On Sunday, August 6th, 22:00 IST, we will hold the 2nd elimination for IndiaHacks (some more details here). The top 900 individuals who qualified through previous rounds will have the opportunity to participate in this round. The top 25 global participants and top 25 Indian participants will advance to the final round. The link to the contest is here.

After the official round is over, the next morning, on Monday, August 7th, 11:35 IST, we'll hold an unofficial unrated mirror here on Codeforces. This mirror will have ICPC rules. For participants of the official round, please hold off on discussing the problems publicly until after this mirror is over.

I was the author of the problems in this set, and I hope you will enjoy the problems. I would like to thank zemen for testing the set, Arpa for writing editorials, r3gz3n for his help on the HackerEarth side, KAN for helping us set up the mirror contest, and of course MikeMirzayanov for the great Polygon/Codeforces platform.

The round will consist of **6 problems** and you will have **3 hours** to complete them. Please note that the problems will be **randomly arranged** in both rounds, since I couldn't figure out how to sort them by difficulty. Be sure to read all the problems.

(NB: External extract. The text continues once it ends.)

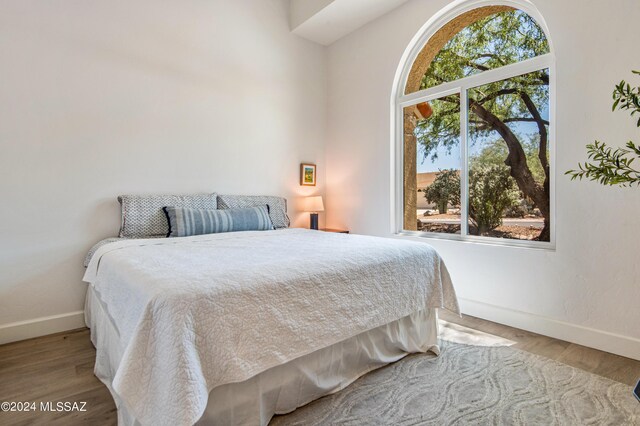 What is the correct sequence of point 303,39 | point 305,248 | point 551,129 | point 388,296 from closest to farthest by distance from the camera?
point 388,296, point 305,248, point 551,129, point 303,39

**UPD1:** Updated time of official round and posted link to contest.

**UPD2:** We should have updated the leaderboard to accept solutions that followed the first version of the first problem. We have also increased the number of finalists to 60 total (30 global + 30 indian) based on this new leaderboard.

**UPD3:** Here is the list of qualifiers. Congratulations to everyone.

**global**

**indian**

Auto comment: topic has been updated by Lewin (previous revision, new revision, compare).6 problems, 3 hours, looks much similar to Codeforces rounds style, why not making it rated???

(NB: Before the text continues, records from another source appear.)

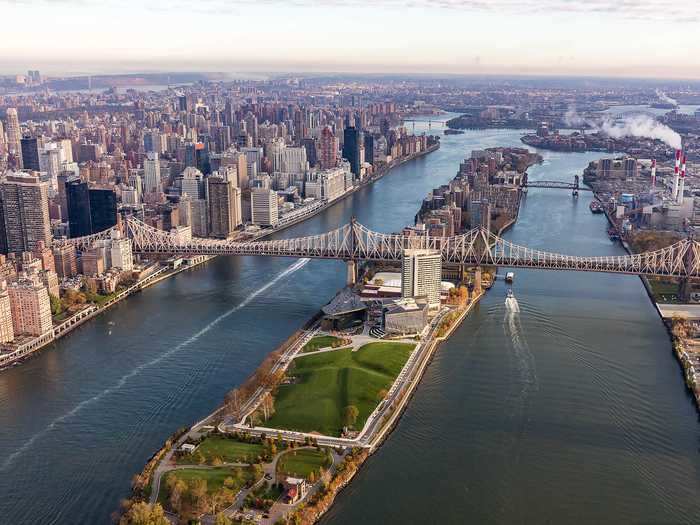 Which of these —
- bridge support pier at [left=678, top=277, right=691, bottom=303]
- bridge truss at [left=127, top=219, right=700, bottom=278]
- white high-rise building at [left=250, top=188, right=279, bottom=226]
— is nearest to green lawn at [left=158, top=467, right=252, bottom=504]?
bridge truss at [left=127, top=219, right=700, bottom=278]

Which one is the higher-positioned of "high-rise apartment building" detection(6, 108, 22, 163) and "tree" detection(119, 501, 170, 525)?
"high-rise apartment building" detection(6, 108, 22, 163)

For this round, it's almost impossible for us to prevent leaking problems since there's 900 official participants. We should be able to have a rated version for the final round where leaking is less likely.

100 % right :D

what about the difficulty of the problems ?

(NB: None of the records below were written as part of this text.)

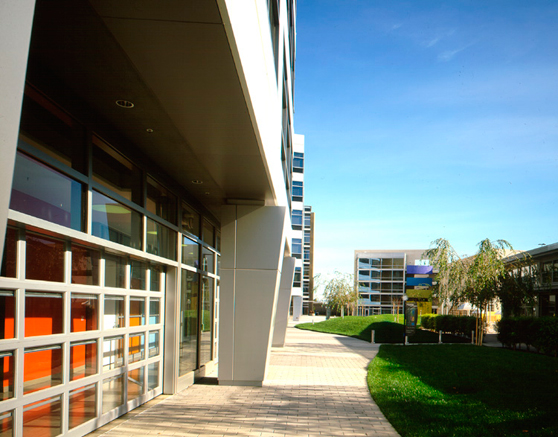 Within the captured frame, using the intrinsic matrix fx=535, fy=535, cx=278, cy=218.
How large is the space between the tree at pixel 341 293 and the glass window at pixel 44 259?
67.0 metres

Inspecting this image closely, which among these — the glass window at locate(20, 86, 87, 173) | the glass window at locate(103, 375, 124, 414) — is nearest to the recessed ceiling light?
the glass window at locate(20, 86, 87, 173)

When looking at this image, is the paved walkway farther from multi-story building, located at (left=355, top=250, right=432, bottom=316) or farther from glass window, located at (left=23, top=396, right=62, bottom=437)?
multi-story building, located at (left=355, top=250, right=432, bottom=316)

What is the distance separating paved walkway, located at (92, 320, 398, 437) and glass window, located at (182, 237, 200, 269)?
2.72 m

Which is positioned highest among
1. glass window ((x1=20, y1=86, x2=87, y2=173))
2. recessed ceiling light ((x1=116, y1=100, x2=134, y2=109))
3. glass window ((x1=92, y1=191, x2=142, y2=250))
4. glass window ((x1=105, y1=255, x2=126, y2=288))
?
recessed ceiling light ((x1=116, y1=100, x2=134, y2=109))

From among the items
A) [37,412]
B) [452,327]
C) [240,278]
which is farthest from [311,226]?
[37,412]

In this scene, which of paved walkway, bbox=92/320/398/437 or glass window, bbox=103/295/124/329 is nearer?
glass window, bbox=103/295/124/329

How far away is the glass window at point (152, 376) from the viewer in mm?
9570

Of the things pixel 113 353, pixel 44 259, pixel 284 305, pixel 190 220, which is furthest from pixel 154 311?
pixel 284 305

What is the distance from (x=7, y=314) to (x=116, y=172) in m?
3.24

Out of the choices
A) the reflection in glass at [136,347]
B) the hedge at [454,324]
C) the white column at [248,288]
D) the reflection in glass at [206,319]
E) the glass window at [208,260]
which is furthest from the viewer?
the hedge at [454,324]

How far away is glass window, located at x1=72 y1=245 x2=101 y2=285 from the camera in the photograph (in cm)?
663

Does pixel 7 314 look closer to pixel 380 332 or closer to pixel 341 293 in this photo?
pixel 380 332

It should be around div2b/c to div1d/e.

ok thanks

That should be a hard contest for us -us mean the people like me(noob's)-

I have not participated in the previous rounds. Am I able to participate in this round?

yes you can participated in this round

is it rated ?

Second elimination is live. Here is the link of the contest. https://www.hackerearth.com/challenge/competitive/indiahacks-2017-programming-wave-20-eliminator/problems/

was contest extended? why there's no info about that?

Was it possible to understand that there's no partial scoring in this round without actually submitting the solution?

It turns out that there's line

Marking Scheme: Marks are awarded when all the testcases pass.

in the same block with TL and ML

This line is also presented in P5, but tourist got 74/100...?

I'm pretty sure it's full score

Lewin Problem Binary Blocks is gonna be rejudged, doesn't it? Cause this trick with changing the statement during the contest, when many people made submissions which were actually correct, is not a good way to handle the issue.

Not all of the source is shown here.